Türk Lirası, geçtiğimiz hafta içerisinde dolar, euro ve sterlin aleyhinde tarihin en az değerine ulaştı. Çarşamba günü 4.1934 ile Türk lirası karşı tüm zamanların en yüksek düzeyini gören dolar, lira karşısında yılbaşından bu yandan yüzde 9’un üstünde bedel kazandı. Peki neden son zamanlarda Türk lirası döviz karşı bedel kaybediyor?
Türk lirası maksimum layık kaybeden para birimleri arasında.
BBC Türkçe’nin haberine tarafından, geçtiğimiz hafta içerisinde jeopolitik risklerin artması sebebiyle yalnızca Türk lirası değil, gelişmekte olan ülkelerin az daha hepsinin paraları değer kaybetti. Ancak uzmanlar, Türkiye’ye özgü bir takım riskler nedeniyle liranın maksimum bedel kaybeden para birimleri aralarında olduğunu söylüyor.
Dış etkenler
ABD ile Çin arasındaki ticaret savaşı ihtimali nedeniyle dünya piyasaları aşağı yönlü zorlama aşağı bulunuyordu. Fakat Suriye’de yaşanan son gelişmeler nedeniyle bu aşağı yönü olan zorlama daha da artı. ABD Başkanı Donald Trump’ın yaptığı direktifler ve Türkiye’nin Suriye’deki gelişmelerden en fazla etkilenecek ülkelerden birisi olması Türk lirasının dalgalanmasını artıran etkenler aralarında.
Türkiye’de ekonominin fazla ısınma korkusu.
Türk lirasının diğer gelişmekte olan ülke para birimlerine tarafından daha fazla bedel kaybetmesine niçin olan iç gerekçelerin başında ekonominin aşırı ısınma endişesi geliyor.Aşırı ısınma, hem enflasyonun keza de büyümenin yüksek olduğu ekonomik durumlar için kullanılan bir ifade.

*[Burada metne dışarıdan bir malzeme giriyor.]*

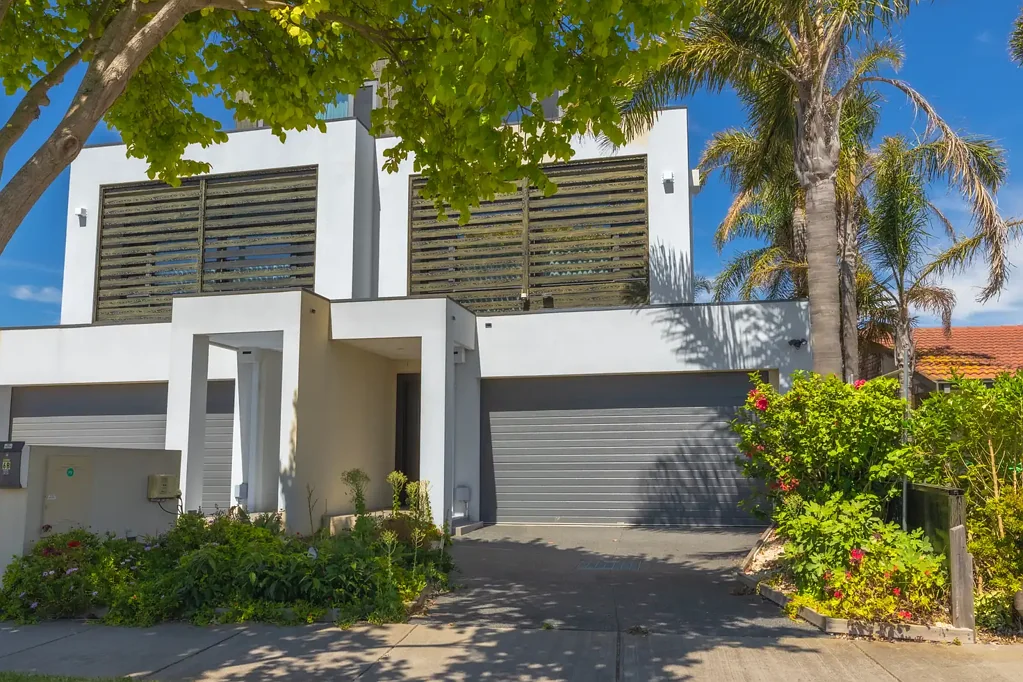 Waterfront Home- 3 Levels with internal lift, 3 Large bedroom plus 1 Study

Son açıklanan verilere kadar, Mart ayında takvim bazda enflasyon yüzde 10,23 ile çift haneli sayılara ulaştı. Türk ekonomisi, bununla birlikte 2017 yılında yüzde 7,4 ile 2013’ten bu yandan en yüksek çoğaltma oranını kaydetti.
Faiz artırım beklentisi
Piyasa oyuncuları ve ekonomi uzmanları, mevcut koşullar aşağı faiz artırılması gerektiğini savunuyor. bu nedenle Merkez Bankası’nın Para Politikası Kurulu’nun (PPK) 25 Nisan’daki toplantısı merakla bekleniyor. Merkez Bankası şu esas kadar gösterge faizleri değiştirmeden öbür araçlardaki oranları artırarak “örtülü artırımlara” gitmeyi tercih etti.Capital Economics’ten gelişmekte olan piyasalar kıdemli ekonomisti William Jackson, “Geçmişteki aynı durumlarda PPK’nın para politikasında sıkılaştırmaya gitmemesi halinde liradaki düşüşün daha da hızlandığı ve bu kararın hemencecik ardındaki politika yapıcıların olağanüstü toplanıp faiz artırımına gitmek zorunda kaldığı görüldü” dedi.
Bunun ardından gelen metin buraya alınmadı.